Le prédécesseur de Trump, Barack Obama, a soutenu un coup d'État militaire contre le président élu du Honduras, Manuel Zelaya, en 2009, créant des conditions épouvantables au Honduras, obligeant chaque année des dizaines de milliers de travailleurs à rechercher une vie meilleure à l'extérieur du pays.
Indiquant en outre que le gouvernement des États-Unis n'a pas l'intention de tenir compte de la déclaration de Bachelet, le 3 juillet, le DHS a demandé à 1000 soldats supplémentaires de la Garde nationale de se rendre à la frontière entre le Texas et le Mexique.

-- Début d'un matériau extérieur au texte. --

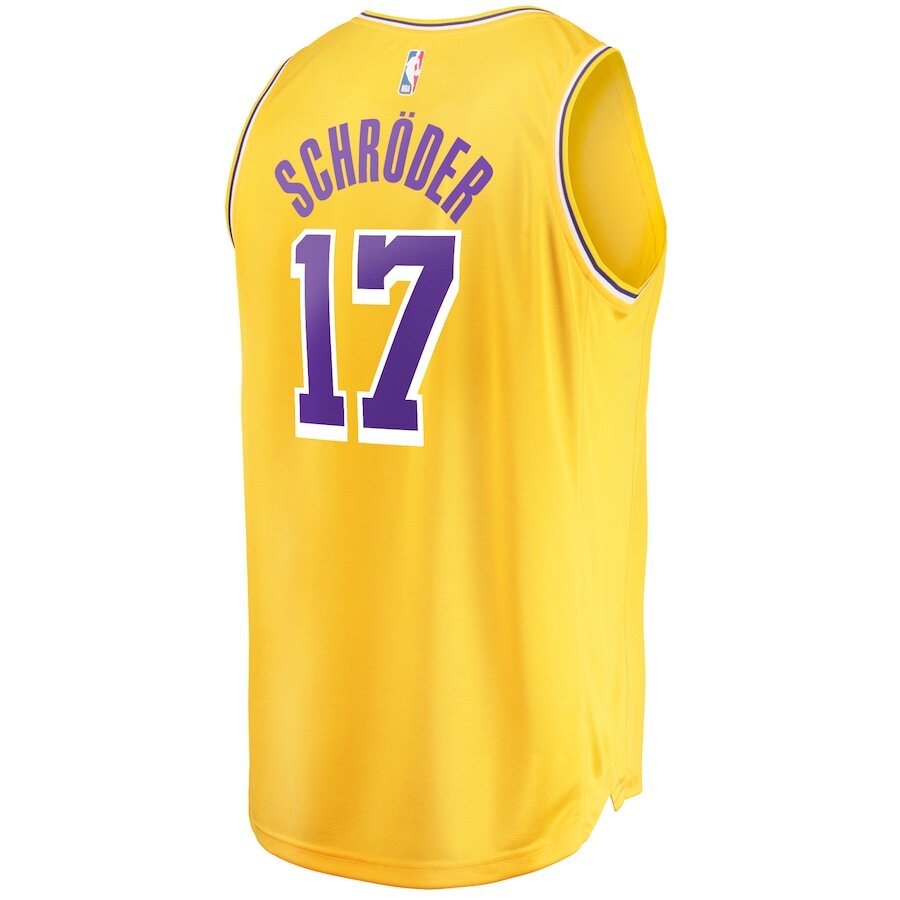 Men's Los Angeles Lakers Dennis Schroder Gold Jersey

La demande, rendue publique lundi par le ministère de la Défense, met en œuvre une ordonnance du gouverneur du Texas, Greg Abbott, un républicain, autorisant la garde nationale de l'État à aider le CBP.
Lorsque Abbott a publié l'ordre le mois dernier, il a qualifié le Congrès de «groupe de dépravés» pour ne pas en faire supposément assez pour arrêter les immigrants. «Ils parlent d'une crise humanitaire et de la réforme d'un système d'immigration tout en refusant d'adopter des lois pour résoudre le problème», a-t-il déclaré pour justifier le déploiement de soldats pour empêcher les immigrants appauvris d'atteindre les États-Unis.
Le Corpus Christi Caller Times a rapporté que « les troupes devraient arriver à divers endroits le long de la frontière plus tard ce mois-ci pour aider les autorités fédérales».
Ils rejoindront 1900 autres soldats de la Garde nationale et 2300 soldats en service actif à la frontière.
De façon effrayante, un porte-parole du Pentagone a déclaré à CNN que les nouvelles troupes seraient déployées, car «un soutien provisoire est demandé pour les installations du CBP situées à Donna et à Tornillo, au Texas». Le DHS n'a pas donné plus de précisions suite à la demande de CNN. Cependant, cela laisse entrevoir la possibilité que les troupes de la Garde nationale rejoignent directement les camps de concentration.